* _REQUIREMENT_
From the first line to the last, repeat the data exactly and drop the pictures.
[RAW DATA — start]
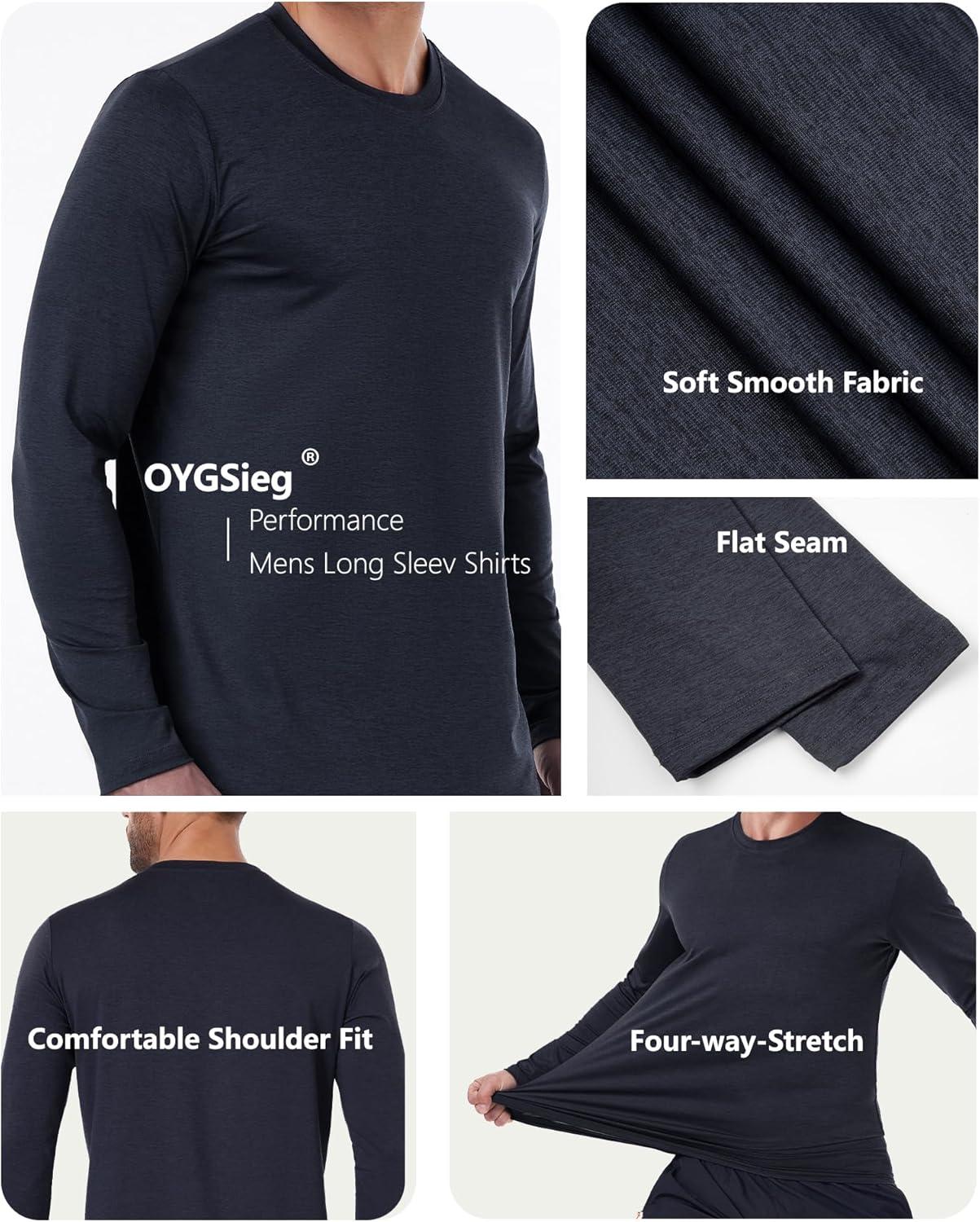 image6 Pack Mens Quick Dry Long Sleeve Shirts UPF 50 UV Sun Protection SPF Shirt Moisture Wicking TShirt for Casual WorkoutBlackGreenBlueLight GreyRedDark Grey6 Pack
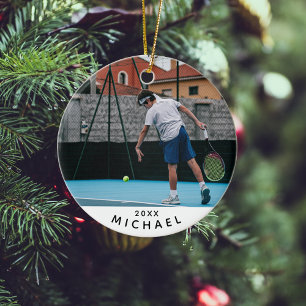 Kids Tennis Player Photo Picture Name & Year Sport Ceramic Tree Decoration
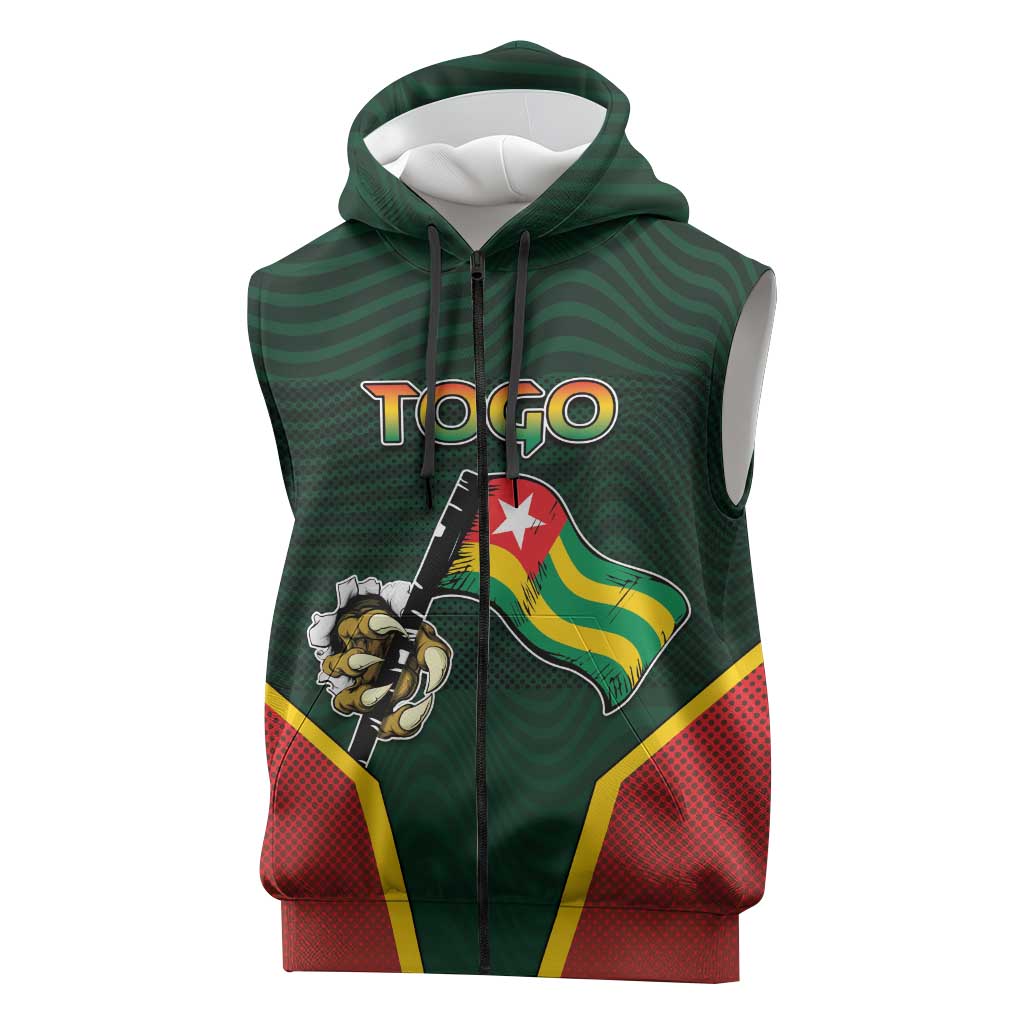 Personalized Togo Sleeveless Zip Hoodie Lion Claw Flag Sport Style - Wonder Print Shop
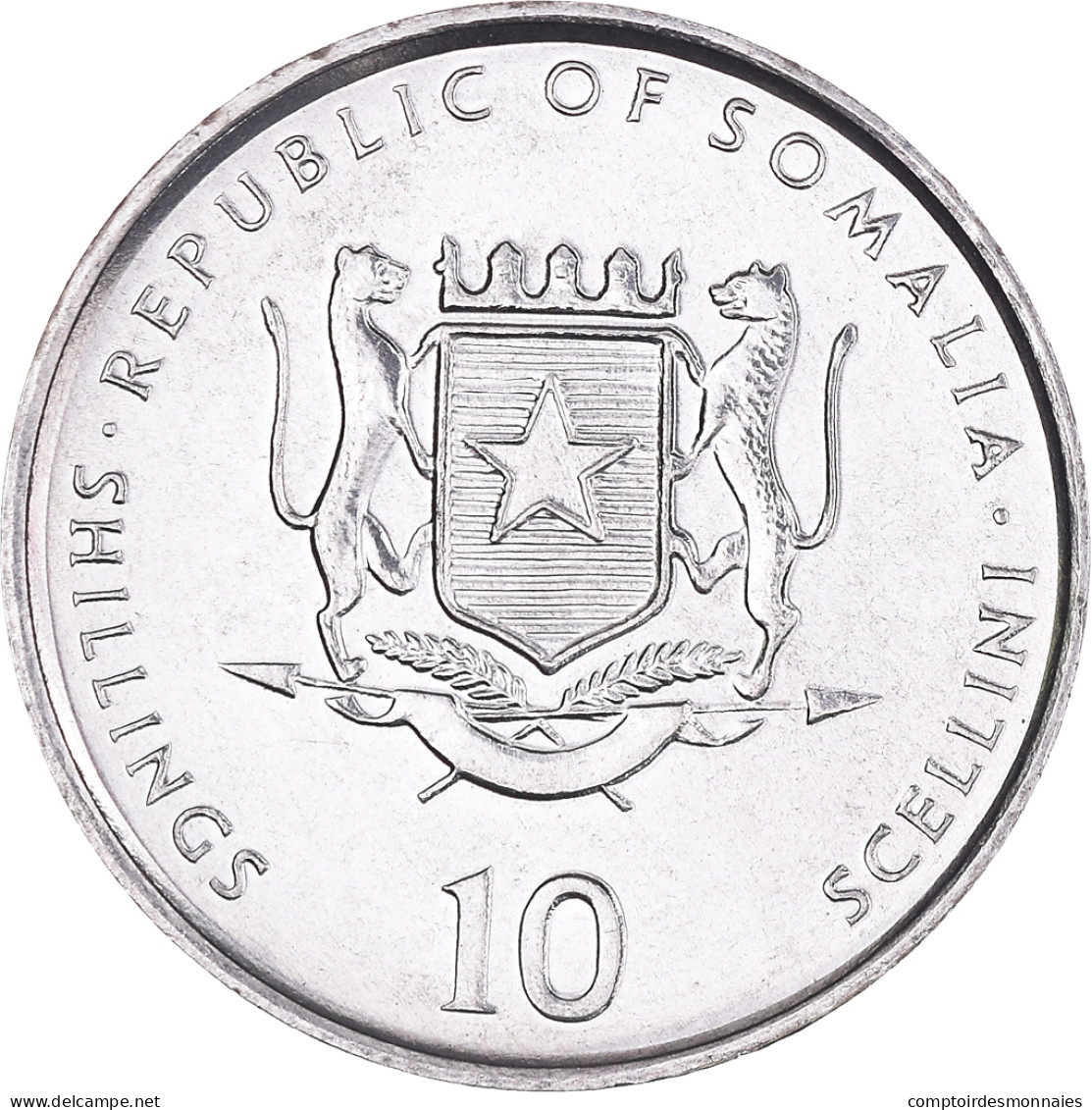 Monnaie, Somalie, 10 Shillings / Scellini, 1999, SUP+, Aluminium, KM:46 - Somalia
[RAW DATA — finish]
* _RESPONSE TO THIS TASK_
 image6 Pack Mens Quick Dry Long Sleeve Shirts UPF 50 UV Sun Protection SPF Shirt Moisture Wicking TShirt for Casual WorkoutBlackGreenBlueLight GreyRedDark Grey6 Pack
 Kids Tennis Player Photo Picture Name & Year Sport Ceramic Tree Decoration
 Personalized Togo Sleeveless Zip Hoodie Lion Claw Flag Sport Style - Wonder Print Shop
 Monnaie, Somalie, 10 Shillings / Scellini, 1999, SUP+, Aluminium, KM:46 - Somalia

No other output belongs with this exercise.